# Fire Engine Graveyard - Dorset - August 2014



## urban-dorset (Oct 10, 2014)

I don't know much history on this one, except to say that the site is in Dorset and there are a few rather sorry looking fire engines there, all jammed in together, which doesn't make taking photos that easy. 

Many of the engines aren't local, although there is a collection of Hampshire, Dorset & Isle of Wight fire safety handbooks, which are still quite well preserved. I think there used to be more engines there once upon a time. Somebody told me that they belong to a guy who is storing them there (and sometimes he sells them??!), but I don't know if that's actually true. 
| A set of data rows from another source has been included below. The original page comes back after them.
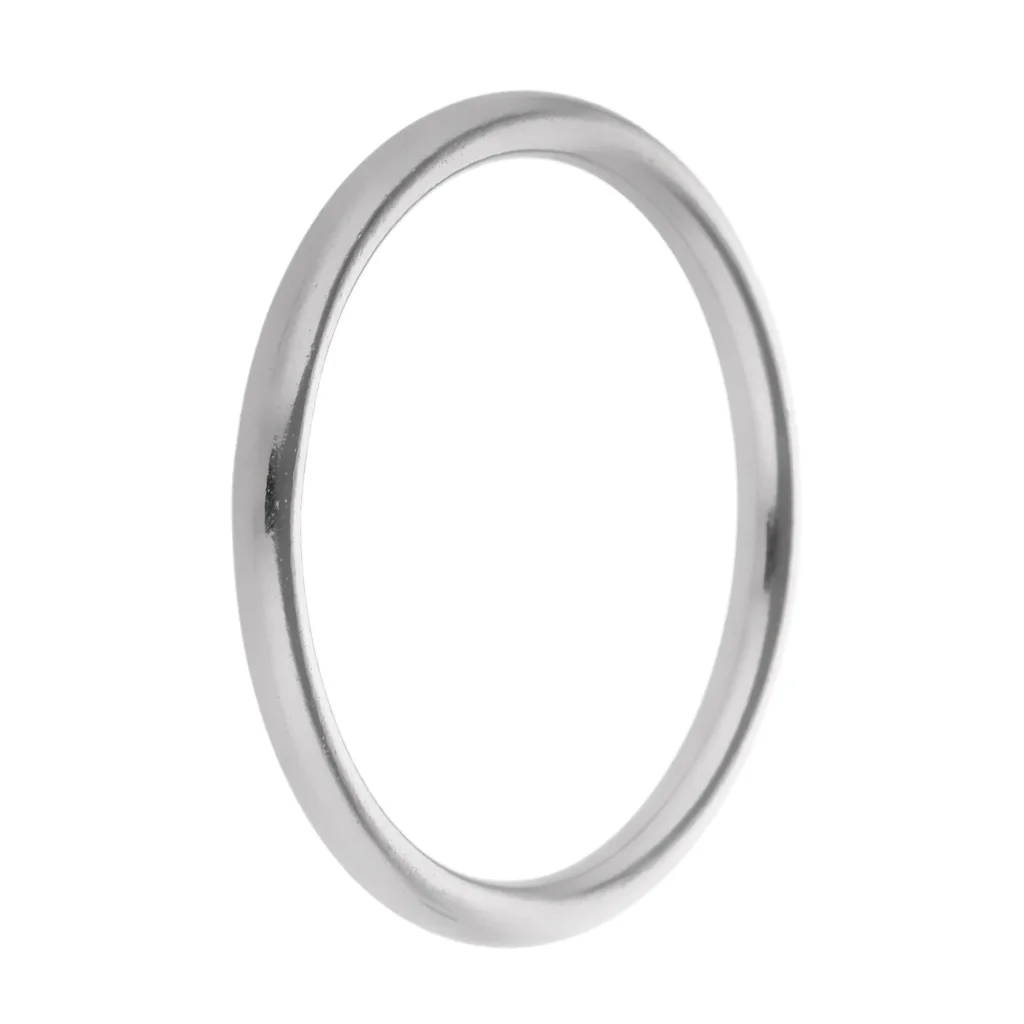 

Welded Ring Stainless Steel O Round Rings Circle Craft Webbing Boat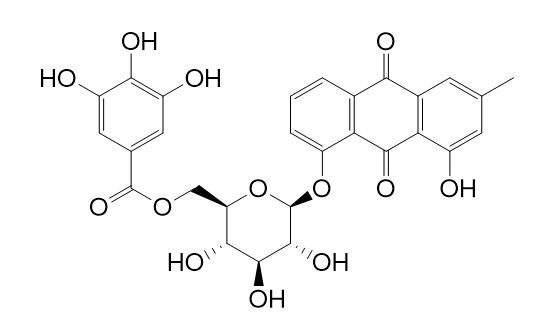 大黄酚-8-O-(6'-O-没食子酰)-吡喃葡萄糖苷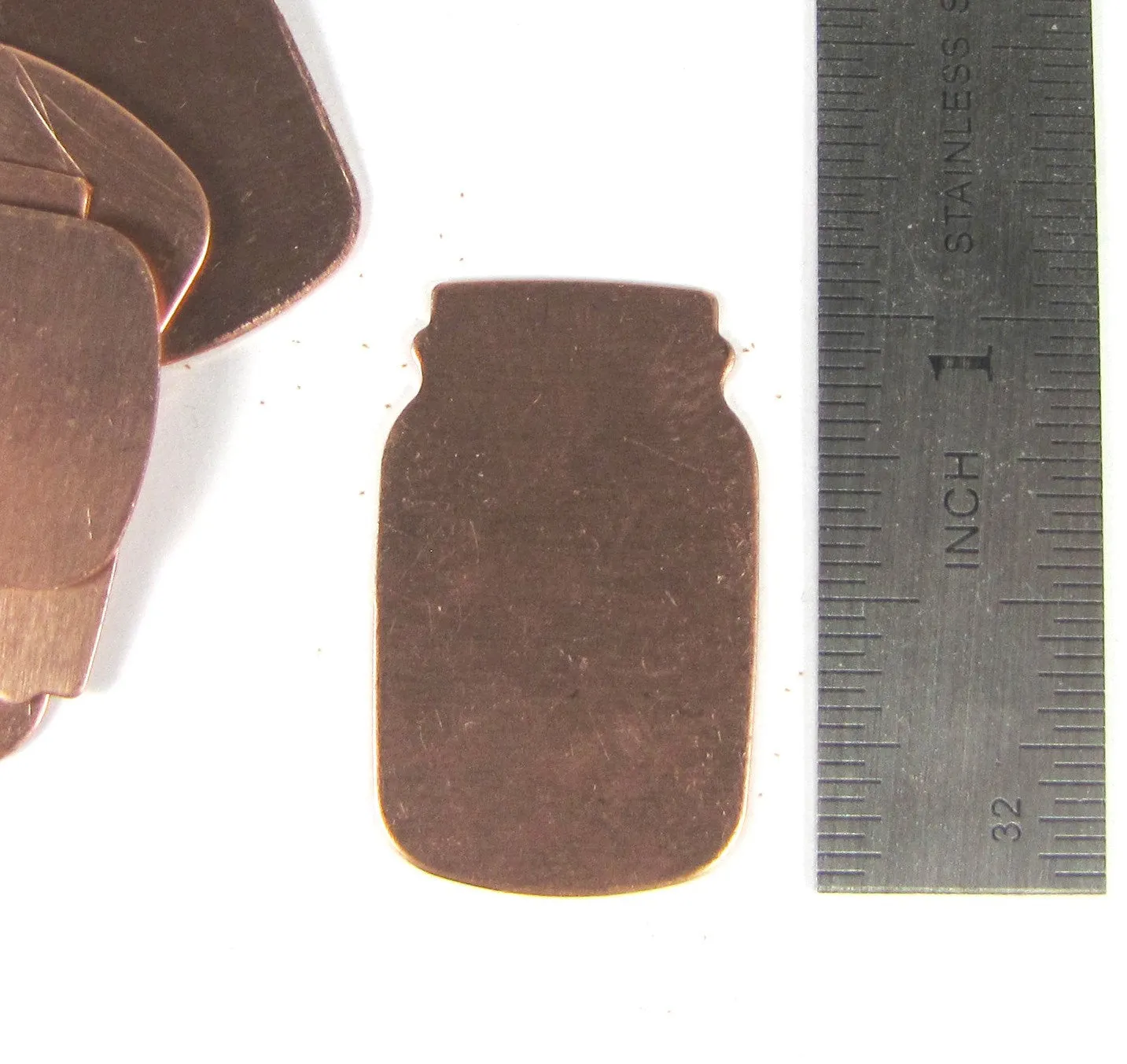 Copper Mason Jar, 5/8 inch x 1 inch, 24 gauge, 15 pack ,stamping bridesmaid pendants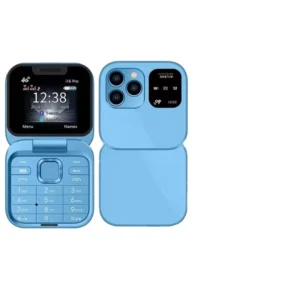 I16 Pro Max Small Foldable Phone Auto Call Record Speed Dial FM Radio Mini Flip Phone 2SIM Card 4G LTE Unlocked Cellphone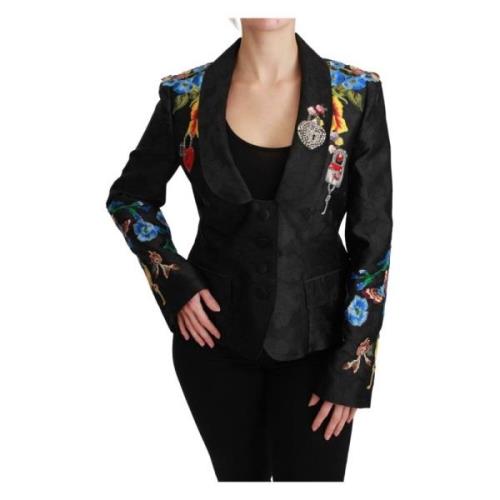 Dolce & Gabbana Förtrollande Siciliansk Brokad Blazer Multicolor, Dam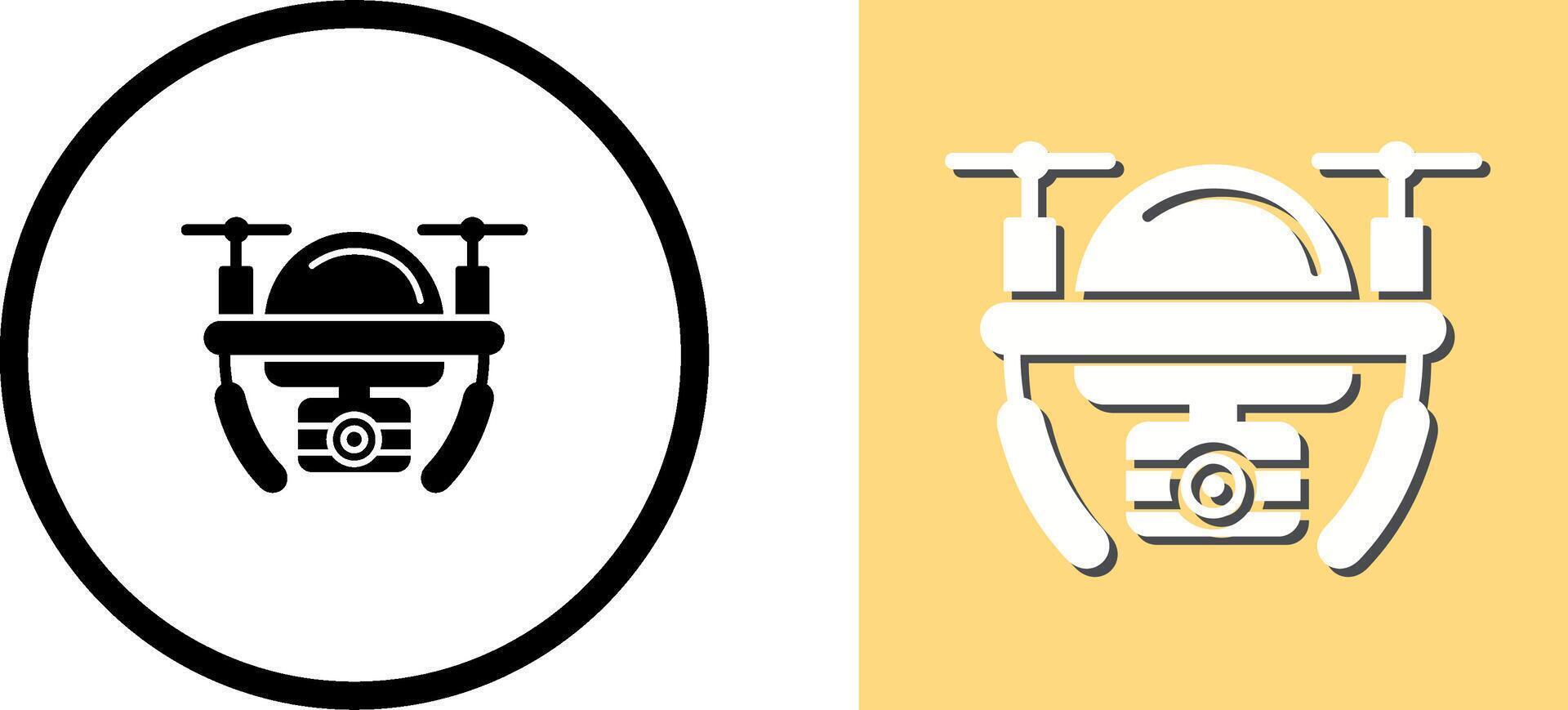Camera Drone Icon Design vector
Oh yes, one last thing is that the engines are full of spiders and you have to beat your way through a jungle of brambles, bracken and buddleia to get at anything! Quite an interesting explore, if a little cramped!


----------



## Mikeymutt (Oct 10, 2014)

I really like this..got a thing for fire engines


----------



## flyboys90 (Oct 10, 2014)

Wow some great fire tenders! what a great find!


----------



## ginger5092 (Oct 11, 2014)

just superb


----------



## Will Knot (Oct 11, 2014)

That is really nice, wouldn't mind payin' that a visit one day.


----------



## urban-dorset (Oct 11, 2014)

Will Knot said:


> That is really nice, wouldn't mind payin' that a visit one day.



Probably better in the winter as you wouldn't have to fight through a jungle, though it would mean you'd be more easily spotted (there are people all around it).


----------



## HughieD (Oct 12, 2014)

That's really different. Loving that. Great set...


----------



## Speedlight (Oct 12, 2014)

Lovin' these fire engines, makes a change from the usual buildings


----------